INFORMATION PROVIDED below:

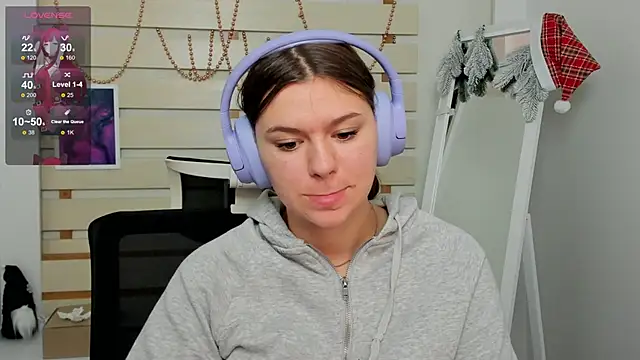 Josephine Kiss online show from January 2025 12:12:02 PM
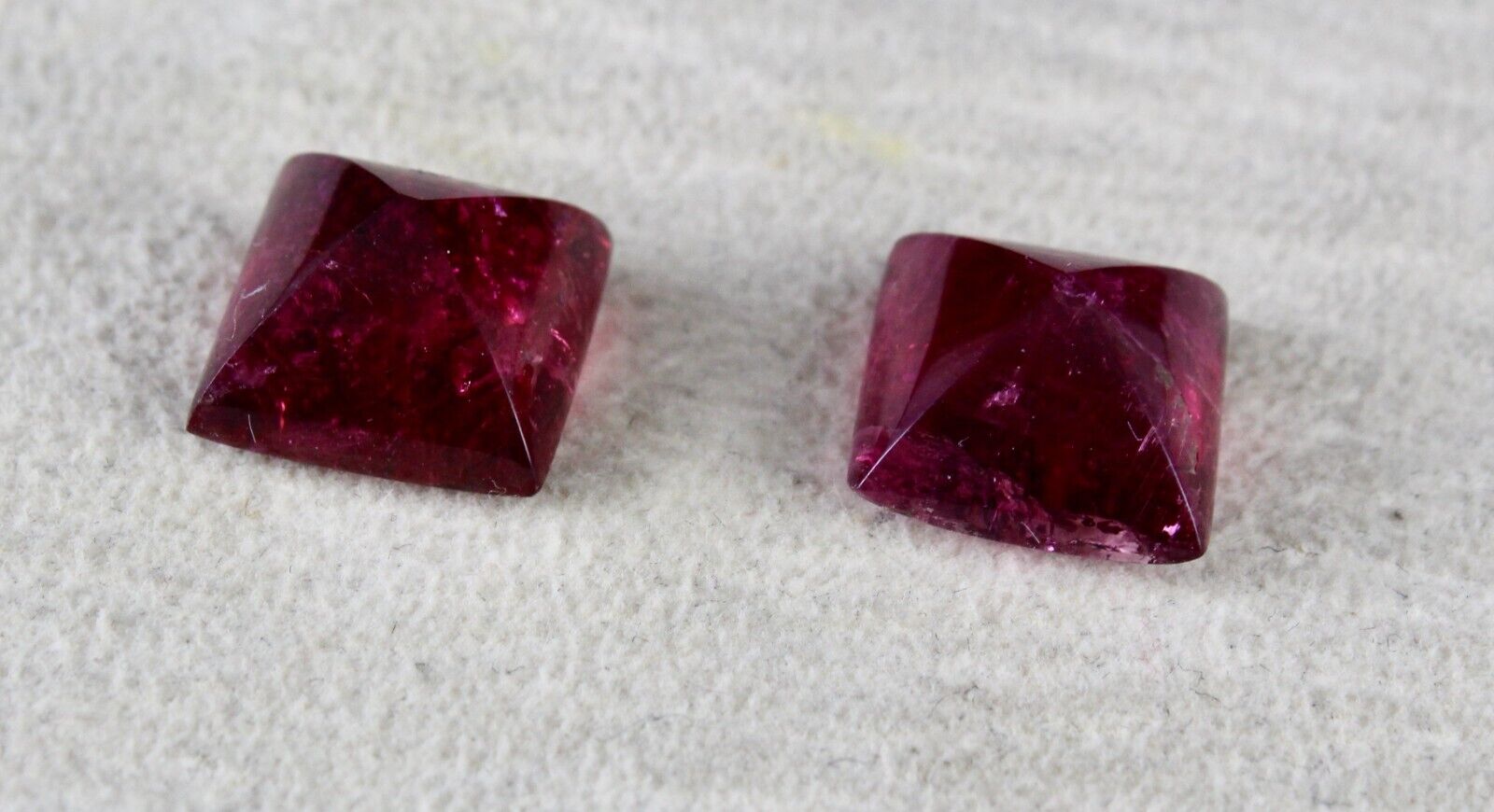 NATURAL PINK TOURMALINE RUBELLITE CABOCHON PAIR 18.20 CTS LOOSE GEMSTONE EARRING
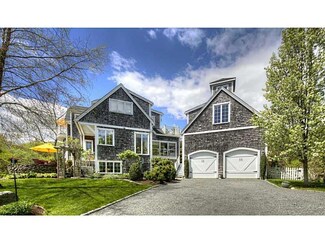 273 3rd Beach Rd, Middletown, RI 02842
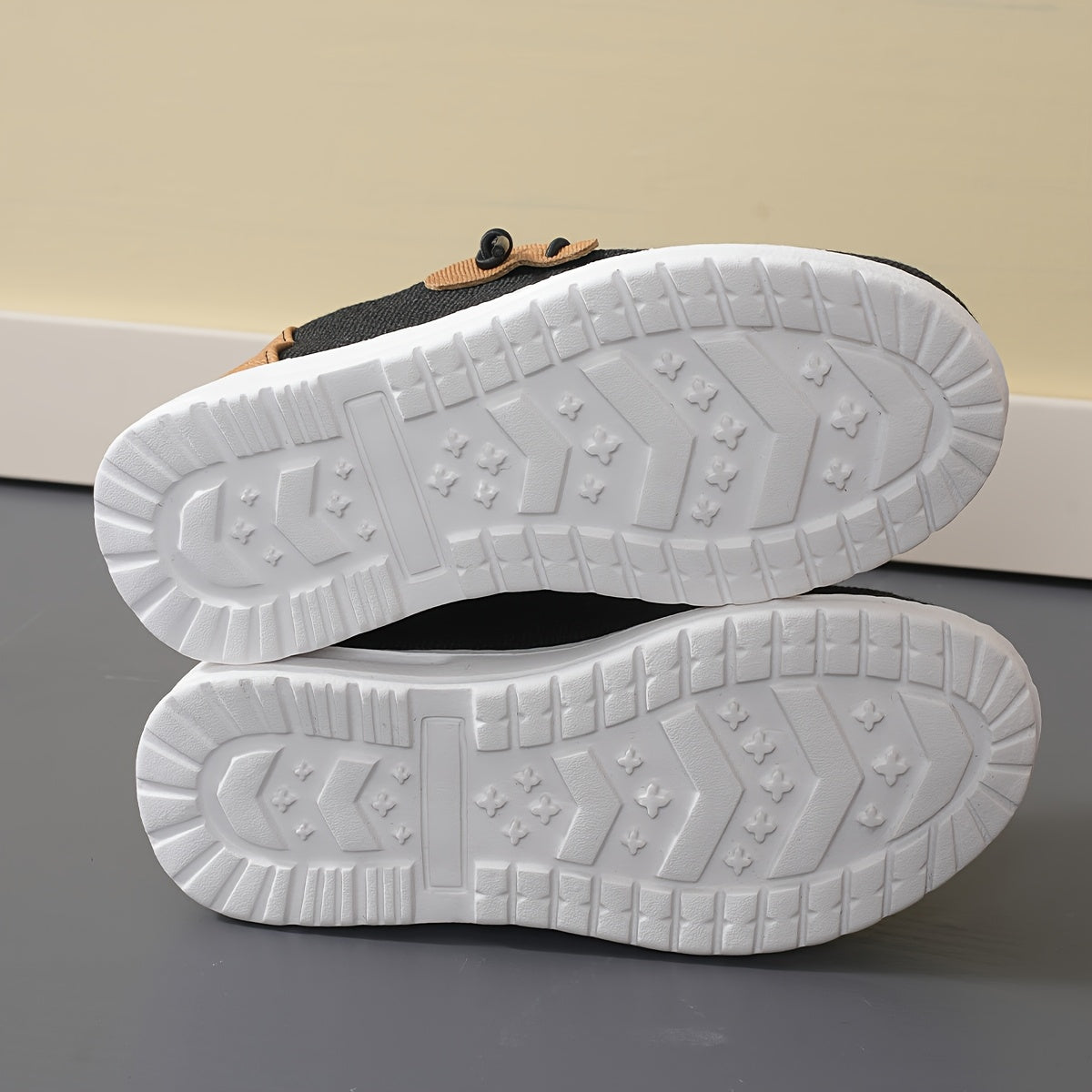 Boys Canvas Sneakers Low Top Breathable Lightweight Outdoor Casual Shoes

End of INFORMATION PROVIDED.

◆ ASSIGNMENT
One exact copy of the data is required, and it should hold no pictures.

◆ SOLUTION TO THIS EXERCISE
 Josephine Kiss online show from January 2025 12:12:02 PM
 NATURAL PINK TOURMALINE RUBELLITE CABOCHON PAIR 18.20 CTS LOOSE GEMSTONE EARRING
 273 3rd Beach Rd, Middletown, RI 02842
 Boys Canvas Sneakers Low Top Breathable Lightweight Outdoor Casual Shoes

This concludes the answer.